Atleast 60% of patients who undergo psychological therapy with a trained therapist do find them beneficial as they help replacement of negative thoughts with a positive outlook. There are many approaches to this therapy. One such approach is Mindfulness-Based Cognitive Therapy which uses distressing thoughts to come and go and training the patient not to react to them by fighting or escaping them. There are many ways you can join this program, you can search for mindfulness based stress reduction programs in your area or my favorite way is to read. I recommend reading Mindful Based Stress Reduction by Linda Lehrhaupt.

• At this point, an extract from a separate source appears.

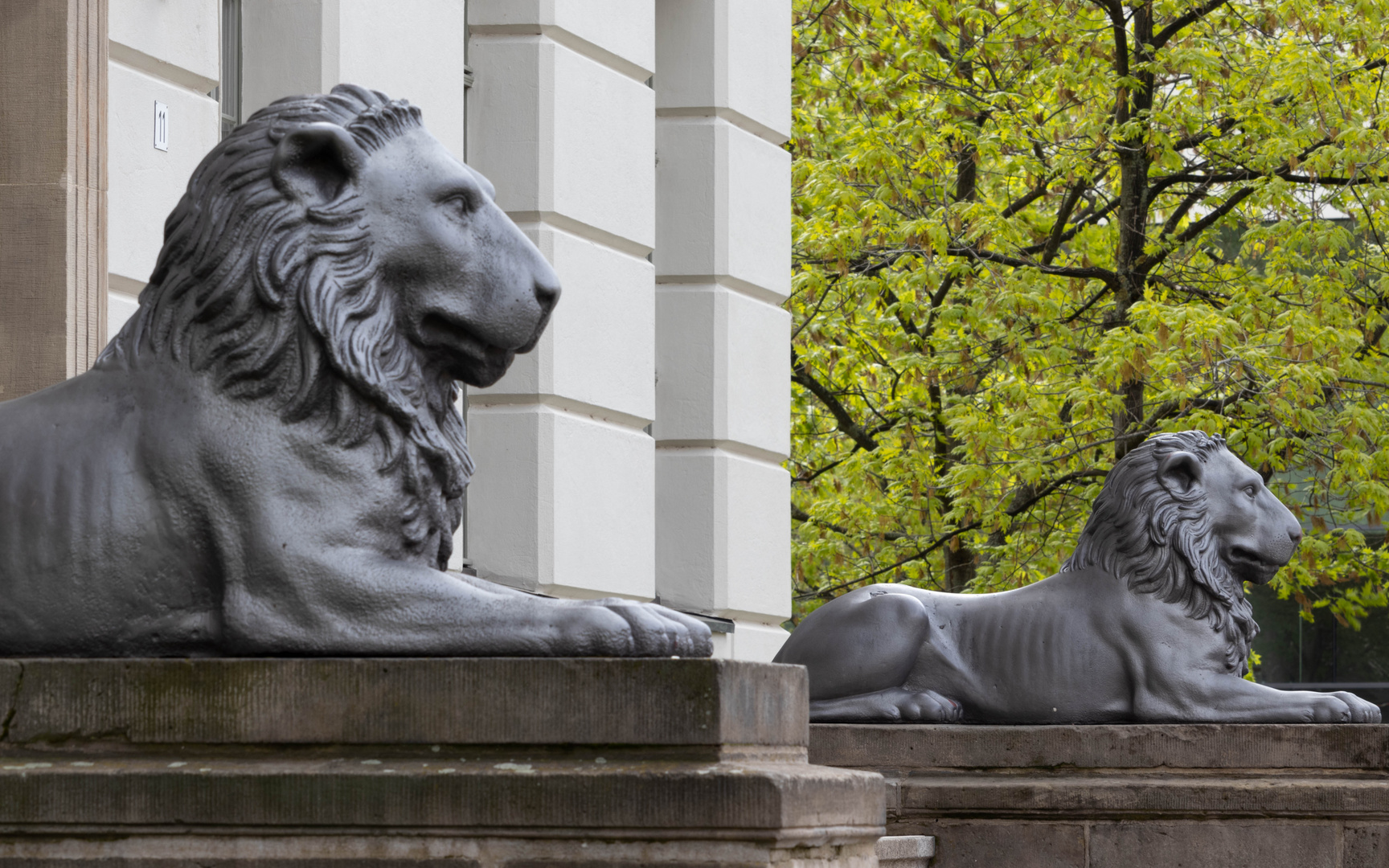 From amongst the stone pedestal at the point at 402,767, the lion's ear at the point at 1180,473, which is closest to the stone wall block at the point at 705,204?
the lion's ear at the point at 1180,473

Another method is neurofeedback therapy where electrodes are attached to the brain and they detect brain waves that is transmitted as images or sounds to the patient and so patient becomes aware and complete certain tasks that encourage good thoughts and behavior. Again this is still under active research and not much is known of the benefit yet.

Studies on Hatha and Vinsaya yoga showed significantly greater decline in depression. However many forms of yoga exist, only these two have thus been studied.


What about Acupuncture

Studies on humans and animals show that stimulation of certain Acupuncture points does alter the neurotransmitter levels. The WHO recognizes Acupuncture as effective in treatment of mild to moderate depression. It is consider safe to be tried for interested patients.


Phototherapy for seasonal affective disorder (SAD)

Studies are mostly showing benefit with patients who experience depression as the seasons change and so the 30 to 60 minutes of bright light helped reduce SAD by 36%. However cause of its low cost it is definitely a good option to consider using a full spectrum, 10,000 lux special bulb daily.